Evan Lemberger: I’m a Senior in Civil and Environmental Engineering. Before starting this project, most of my time was spent reading, acting, and doing environmental work with Red Bison.

Spencer Hulsey: I am a first-year PhD-track graduate student studying Astronomy, with an undergraduate degree in Physics.

Two graphics, side by side. On the left, a drawing of a mascot costume design proposal. On the right, the body of the realized costume proposal. The costume is a blue and orange belted kingfisher bird.
Kingfisher UIUC on Facebook

SP: What role did you play in the making of the Kingfisher? 

Hulsey: I proposed the suggestion nearly four and a half years ago! I then worked with the U of I student government to take the idea to a vote (something our campus had tried before with other options, but none had quite brought students together up to this point). Together, we led the education campaign prior to the campus-wide student vote. I also met with a lot of administration before, during, and after all key milestones (votes and endorsements) to ask for any necessary permissions and guidance, and have been very grateful for their continued support during these meetings. After graduating, I collaborated with — and learned a great deal from the four national tribal rights groups on the letters to the Chancellor.
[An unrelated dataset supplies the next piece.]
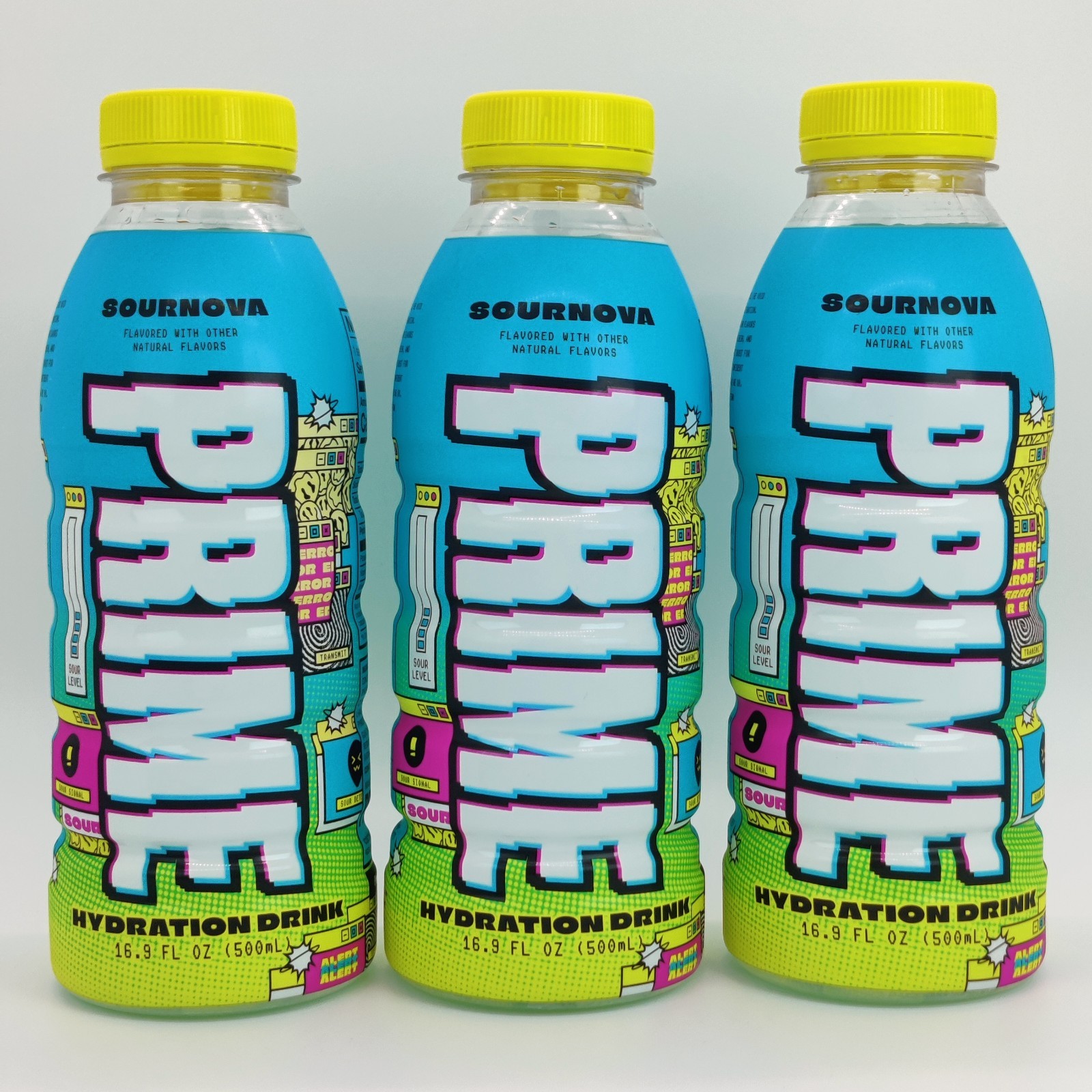 Prime Hydration Electrolyte Drink Sour Nova 500mL US Bottle Caffeine Free 3 Pack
Now that I’m back, I’ve joined the undergraduate group which has taken the bird so much further than just the original votes. 

Rebellón: My work with the Kingfisher mascot first began in late November 2022 when I helped create the reference sheet for the Kingfisher mascot design. After producing two different designs, Spencer Hulsey and I co-created a final design for it. Afterwards, I spent three months creating a budget for the list of materials needed to create the costume. Finally, in March 2023, I began working on the head and feet and by August 2023, our bird was complete.

Lemberger: I was the student who led the charge in creating the mascot suit. With the help of some friends, I put a team together (including Ellie Rebellon, myself, and a third person who’s since left the project) that would design and make the suit. My role in that part was sewing the entire body together. I had some help with the more complicated stitches, but most of that work was all me. 

A group of students stand on a football field in front of a goalpost. They are all wearing orange shirts and the Kingfisher mascot is laying on his side with his hand on his head in front of them.
Spencer Hulsey

SP: What drew you to this project?

Rebellón: In November of last year, during a car ride, my sister asked if I’d be interested in helping create the Kingfisher mascot costume. As someone with a huge affinity for birds and making costumes, I agreed, and from that day onwards, my life as an artist was forever changed. The positive and progressive attitude that surrounds the individuals involved with the Kingfisher is so attractive and inspiring to me, and it is for this reason that I believe I made the right decision in joining the push for new traditions on campus.

Hulsey: I owe my inspiration for addressing the issue of our campus’ missing mascot to many advocates on our campus — it’s hard to pinpoint a single source.

SP: What makes the Kingfisher a great mascot in your opinion?

Hulsey: A top reason for me is that no matter where our students are from in the world — over 20% of U of I students are international — they’ll know of some species of kingfisher, an iconically orange and blue bird. The belted kingfisher, the kingfisher species native to Illinois, is one of the largest and toughest-looking of the kingfisher family. (They’ll beat their prey to death on rocks before eating it whole.) The Maryland Terrapin better watch out: these birds will eat turtles and other birds in a pinch. Our school shouldn’t settle for something already claimed by another university, especially not something as basic as an eagle or dog or something that needs to be handled with white gloves. Belted kingfishers are a blank slate, to be built however we want it to be.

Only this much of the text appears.